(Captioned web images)
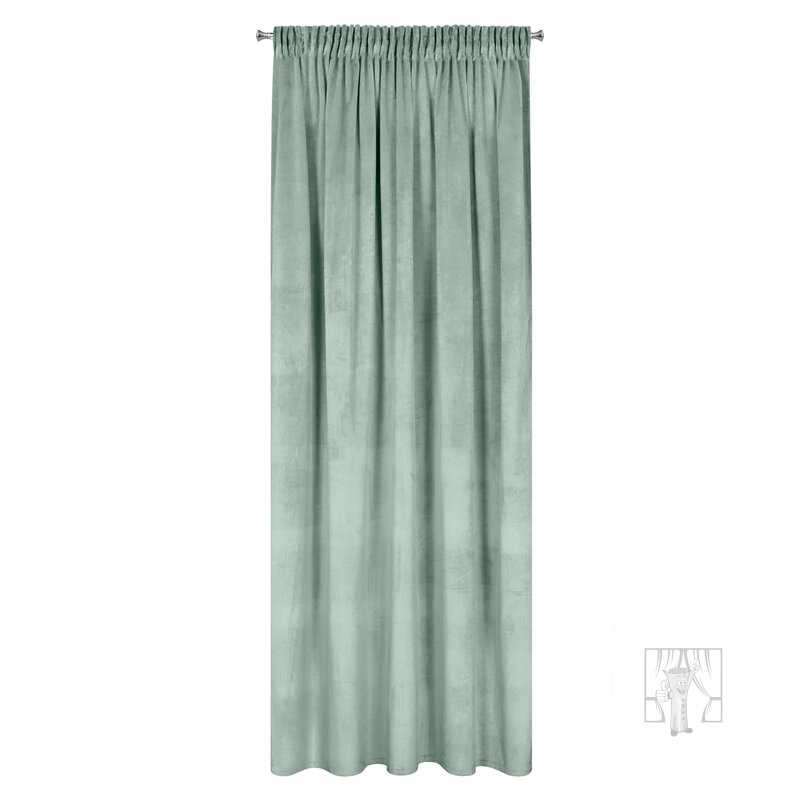 Záves MELANIE na páske svetlý mätový 140x270cm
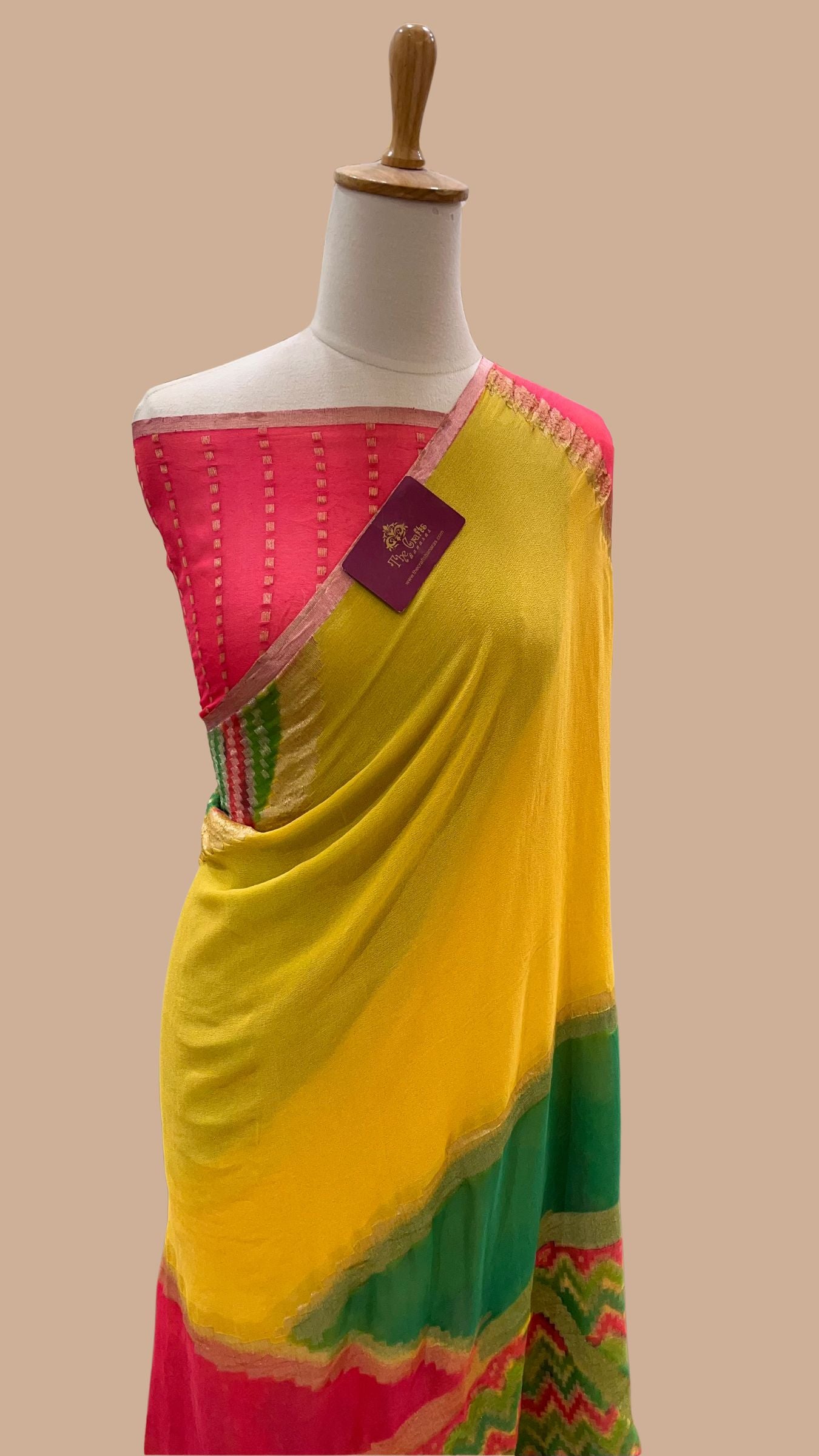 Rangkat Khaddi Georgette Handloom Banarasi Saree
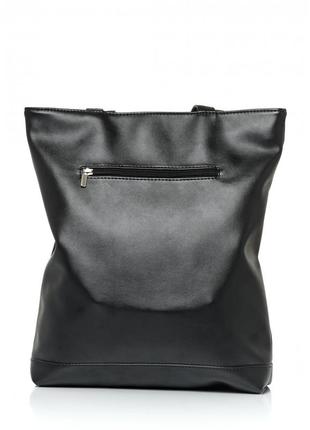 Стильная женская черная сумка-шоппер с вместительным карманом и двумя ручками + ключница, матовая эко-кожа3 фото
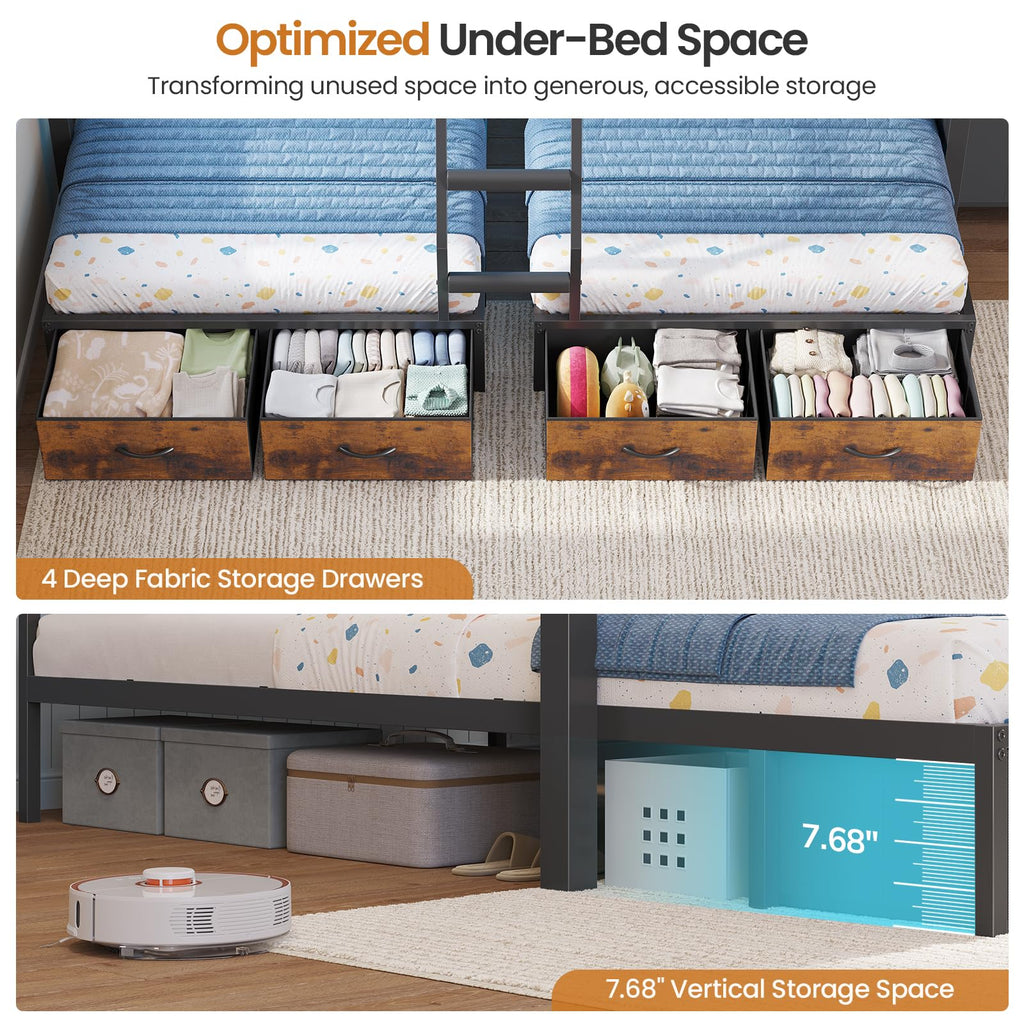 Black Triple Bunk Bed with 8 Storage Drawers and Stair F198066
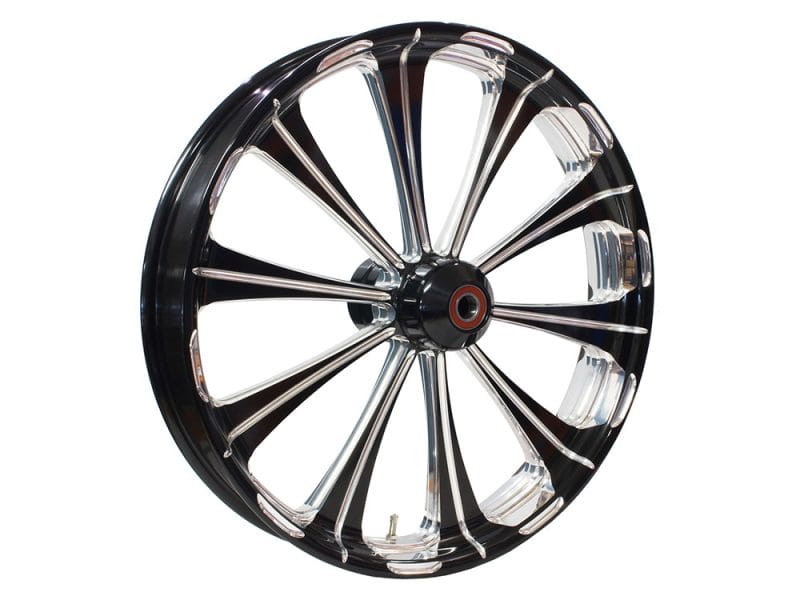 High-performance motorcycle wheel for Revelry Cycles motorcycles, durable alloy rim with spokes.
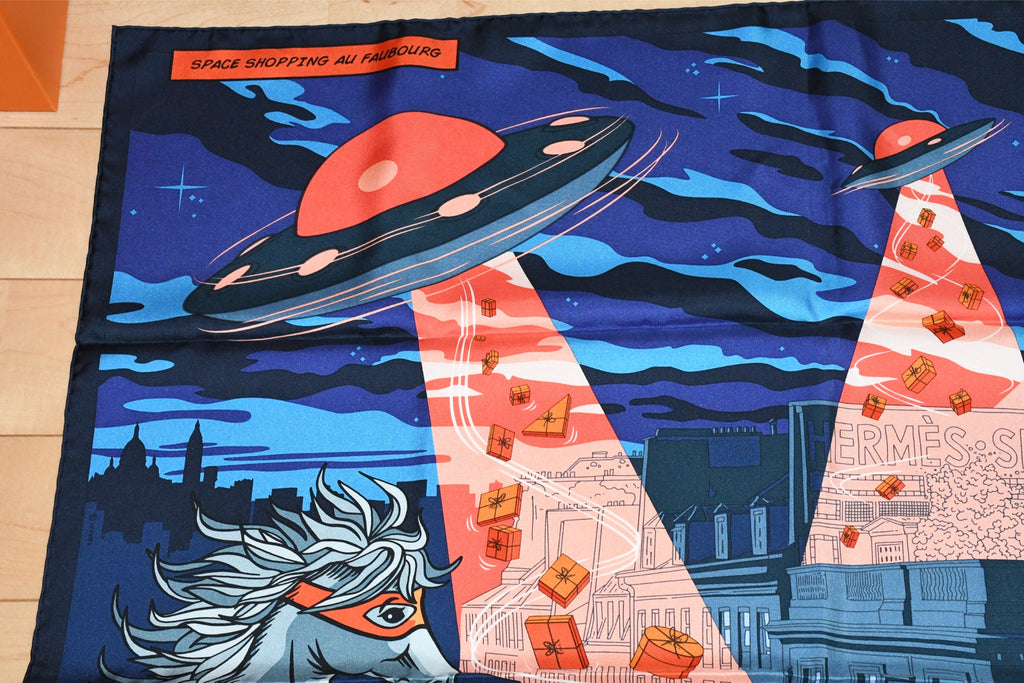 Hermes Scarf Space Shopping au Faubourg 90 cm silk orange Carre horse UFO 35"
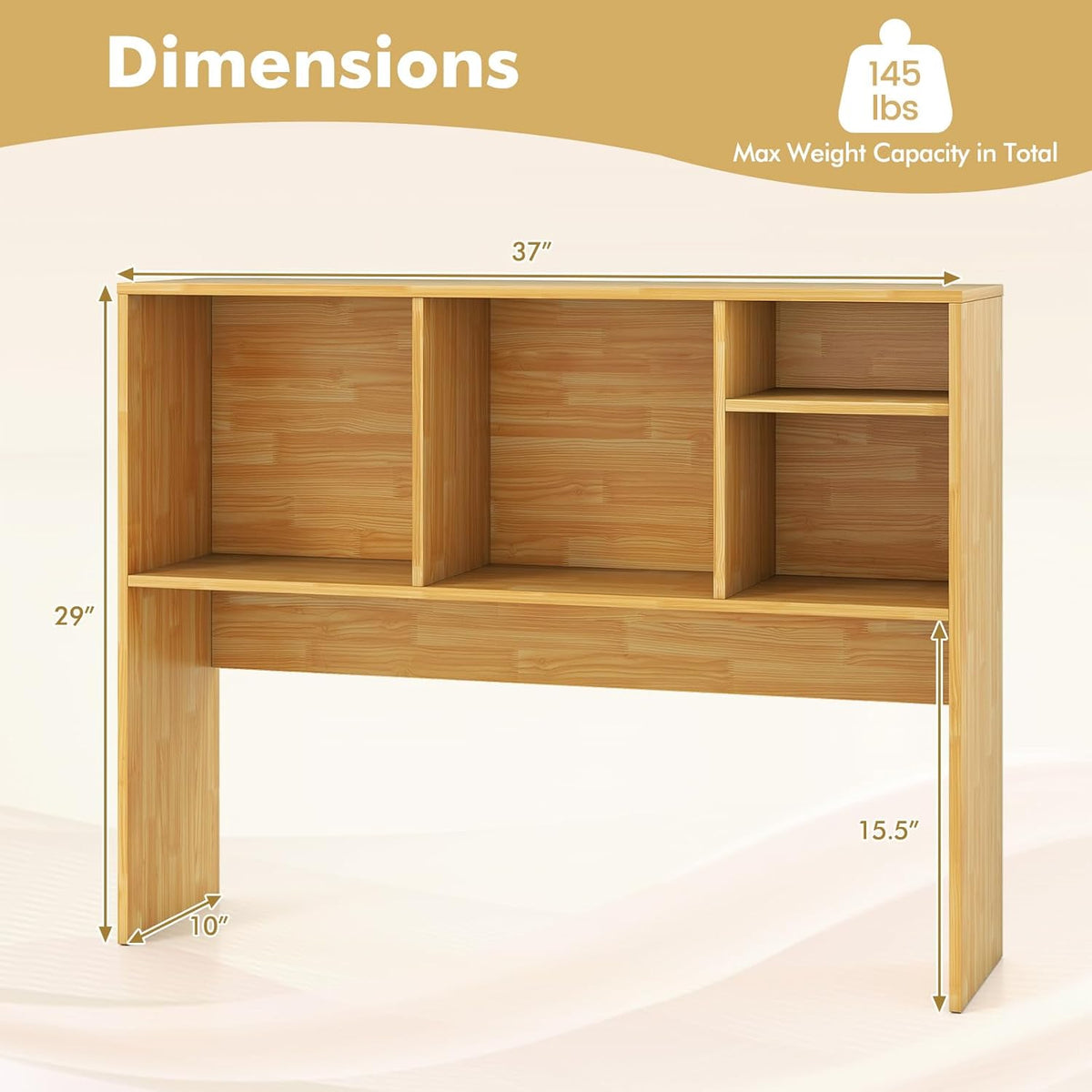 Desktop Bookshelf, Countertop Storage Hutch with 5 Shelves for Computer Desk, Desk 3-Tier Display Rack, Multipurpose Wood Desktop Hutch Storage Organizer for Dorm Office Home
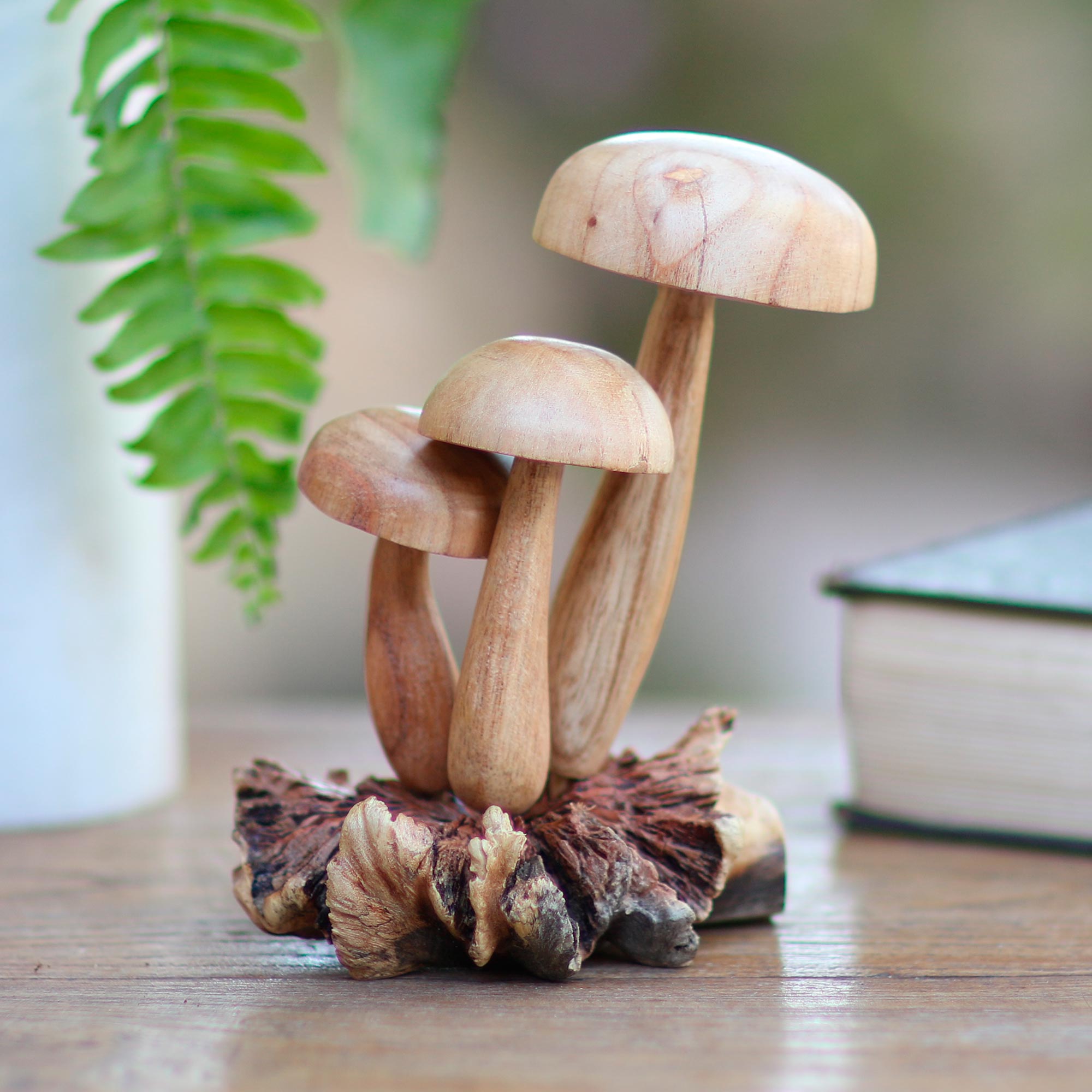 Premium Hand-Carved Wooden Mushroom Sculpture – Unique Forest Art from Bali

Aim of the exercise
Please restate word for word the lines above, starting with the line that holds "Rangkat Khaddi Georgette" and ending with the final line of the records, while leaving out pictures.

Written answer
 Rangkat Khaddi Georgette Handloom Banarasi Saree
 Стильная женская черная сумка-шоппер с вместительным карманом и двумя ручками + ключница, матовая эко-кожа3 фото
 Black Triple Bunk Bed with 8 Storage Drawers and Stair F198066
 High-performance motorcycle wheel for Revelry Cycles motorcycles, durable alloy rim with spokes.
 Hermes Scarf Space Shopping au Faubourg 90 cm silk orange Carre horse UFO 35"
 Desktop Bookshelf, Countertop Storage Hutch with 5 Shelves for Computer Desk, Desk 3-Tier Display Rack, Multipurpose Wood Desktop Hutch Storage Organizer for Dorm Office Home
 Premium Hand-Carved Wooden Mushroom Sculpture – Unique Forest Art from Bali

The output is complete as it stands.